On the one-year anniversary of the IRS Restructuring and Reform Act of 1998, this testimony discusses the management challenges confronting IRS as it modernizes its organization and reforms its culture. The IRS Commissioner has painted a compelling picture of what he wants IRS to become--a fully modernized agency providing top-quality service to taxpayers. Given the reforms that are planned, it should surprise no one that IRS--an agency with a long history of stovepipe management and a culture driven by enforcement statistics--will be challenged to accomplish so ambitious an agenda. In GAO's view, the modernization effort has the potential to deliver better service to taxpayers. IRS' agenda, however, is both ambitious and high risk. GAO has been impressed by the Commissioner's leadership and commitment to change as well as IRS' efforts so far.

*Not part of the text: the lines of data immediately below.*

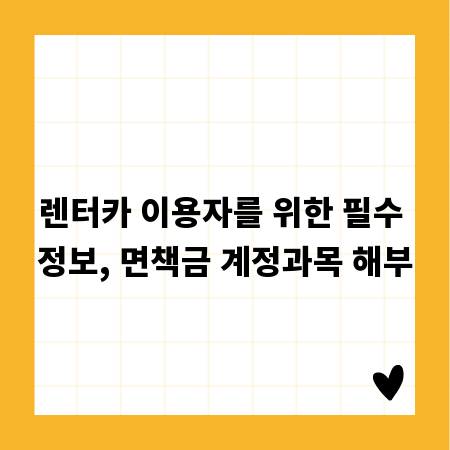 렌터카 이용자를 위한 필수 정보, 면책금 계정과목 해부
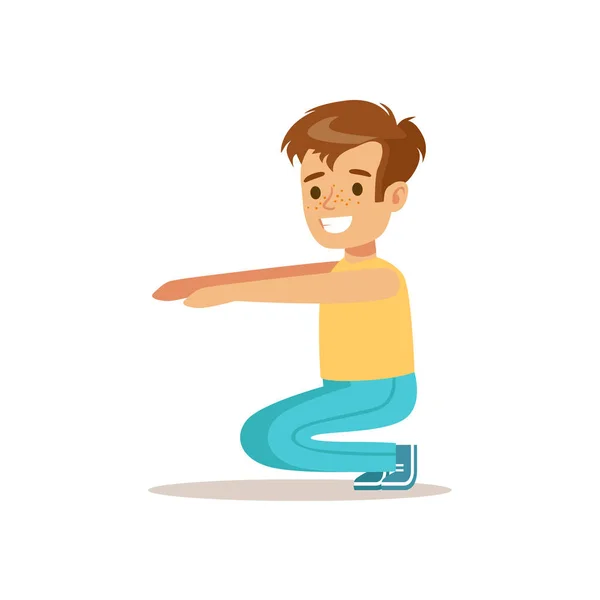 Pojken gör Sit Ups, Kid öva olika idrotter och fysiska aktiviteter i fysisk fostran klass — Stock vektor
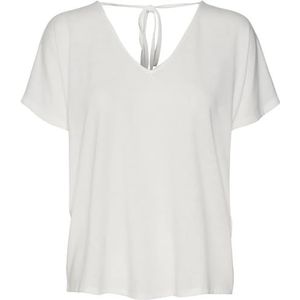 VERO MODA Dames Vmmarijune Ss Deep V-hals Top JRS T-shirt, wit (snow white), S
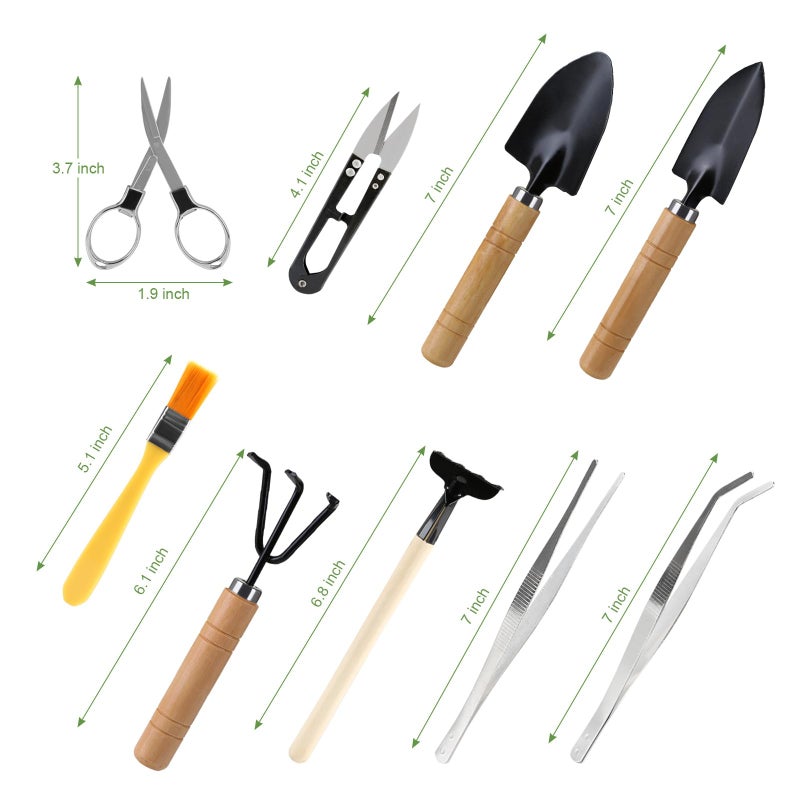 LIHAO 9PCS Basic Bonsai Tools Set, Bonsai Tree Kit Mini Garden Tools Includes Pruning Shears, Mini Rake, Fold Scissors and More - Image 2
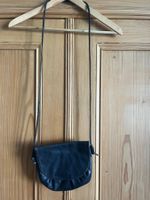 retro Handtasche Leder dunkelblau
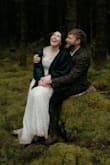 Wore this dress for my wedding elopement in the Scottish Highlands and it was perfect! It was a little tight but I was unexpectedly 8 weeks pregnant by this point. The zip is a little finicky but still works, just be mindful it doesn't have any stretch. Loved at my height I had a little train and the lacey detail looks more expensive then it was. - Larissa E.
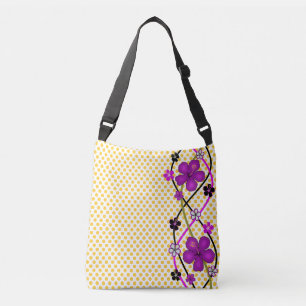 Polka Dots and Orchids Crossbody Bag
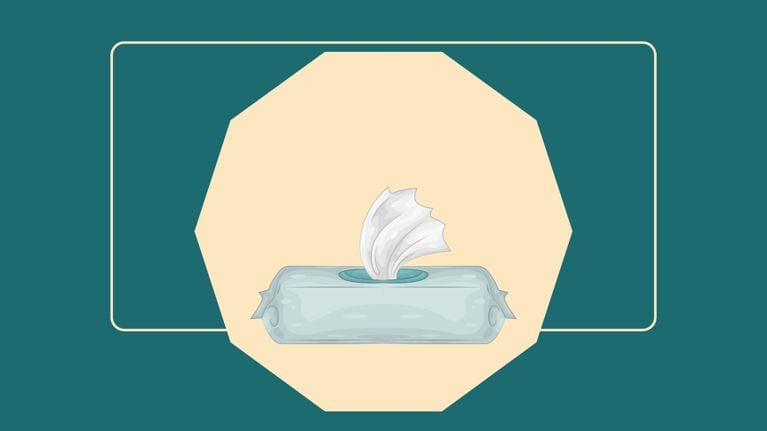 An illustration of a soft-pack dispenser of fragrance-free baby wipes. Essential for diaper changes and cleaning messy hands or faces on the go.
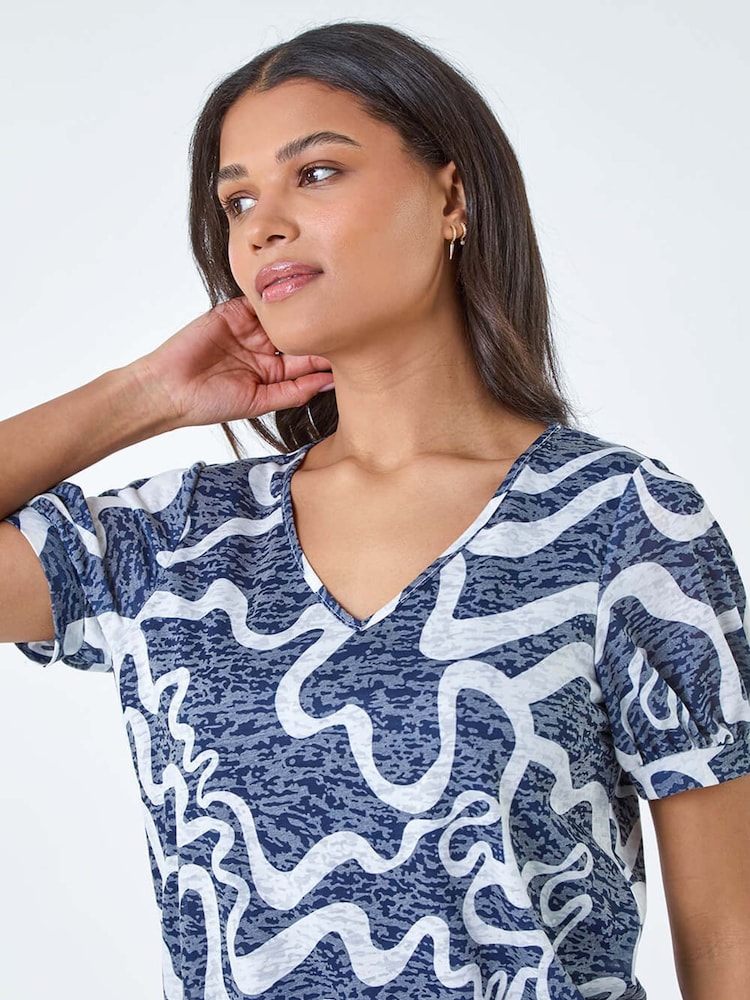 Roman Blue Swirl Burnout Print Blouson Stretch Top - Image 2 of 5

But sustained progress will depend on IRS' managers successfully marshaling the agency's resources, both human and systems, to deal with that challenging agenda.

GAO noted that: (1) the Commissioner and GAO agree that the various components of IRS' modernization must be implemented in an integrated fashion; (2) simply restructuring the organization, for example, without concurrent revisions to work processes and related information systems, will do little to improve the quality of service being provided to taxpayers; (3) however, successfully implementing such a comprehensive modernization strategy, while continuing the business of day-to-day tax administration, will push IRS managers and staff to their limits; (4) particularly important will be the capacity of middle managers to lead and manage comprehensive change; (5) no matter how much IRS changes its organization, work processes, and information systems, its ability to fundamentally change the way it interacts with taxpayers hinges on its ability to ensure that employees demonstrate the desired attitudes and behaviors; (6) a results-oriented approach to managing human capital has the potential to deliver such a result; (7) to fully realize this potential, IRS must finish developing key organizational performance measures, deal with an employee evaluation process that is not aligned with IRS' new mission, and develop and deliver a comprehensive training program for both frontline staff and middle managers; (8) IRS continues to face formidable system modernization challenges; (9) they include: (a) completing the modernization blueprint that IRS issued in May 1997 to define, direct, and control future modernization efforts; (b) establishing the management and engineering capability to build and acquire modernized systems; and (c) investing in small, low-risk, cost-effective modernization increments; (10) the key to effectively addressing these challenges is to ensure that long-standing modernization management and technical weaknesses are corrected before IRS invests large sums of modernization funds; and (11) IRS recently initiated appropriate first steps to address these weaknesses via its initial modernization expenditure plan that represents the first step in a long-term, multi-increment modernization.